**WHAT THE EXERCISE ASKS**: Copy all lines below exactly as written. Leave pictures out.

**** SUPPLIED INFORMATION ****

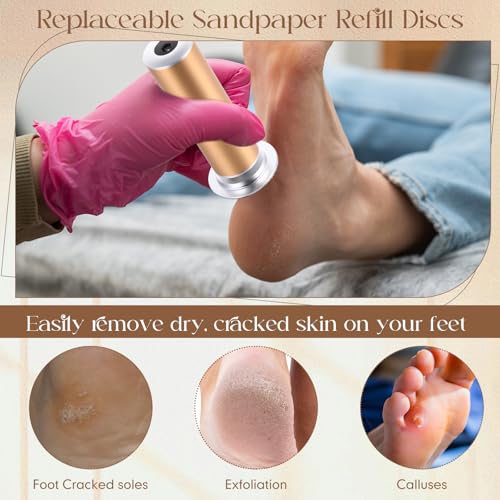 Gisafai 500 Pcs Sanding Replacement Pad Sandpaper Disk for Electric Foot File Callus Remover Tool Black Foot File Disc for Men Women Cracked Heels Dead Skin(80 Grit)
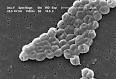 Acinetobacter - Wikipedia, the free encyclopedia
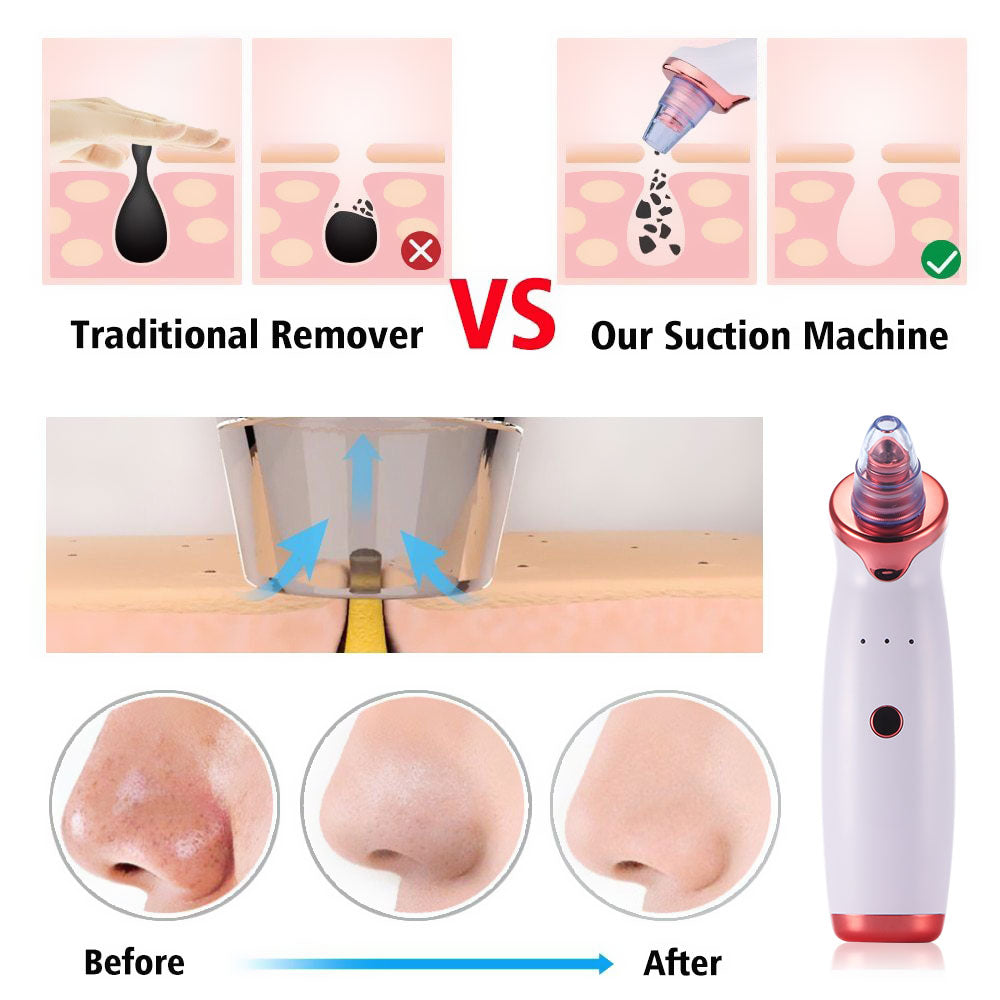 Electric Acne Remover Blackhead Remover Apparatus by Teal Simba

****

**WRITTEN ANSWER**:
 Gisafai 500 Pcs Sanding Replacement Pad Sandpaper Disk for Electric Foot File Callus Remover Tool Black Foot File Disc for Men Women Cracked Heels Dead Skin(80 Grit)
 Acinetobacter - Wikipedia, the free encyclopedia
 Electric Acne Remover Blackhead Remover Apparatus by Teal Simba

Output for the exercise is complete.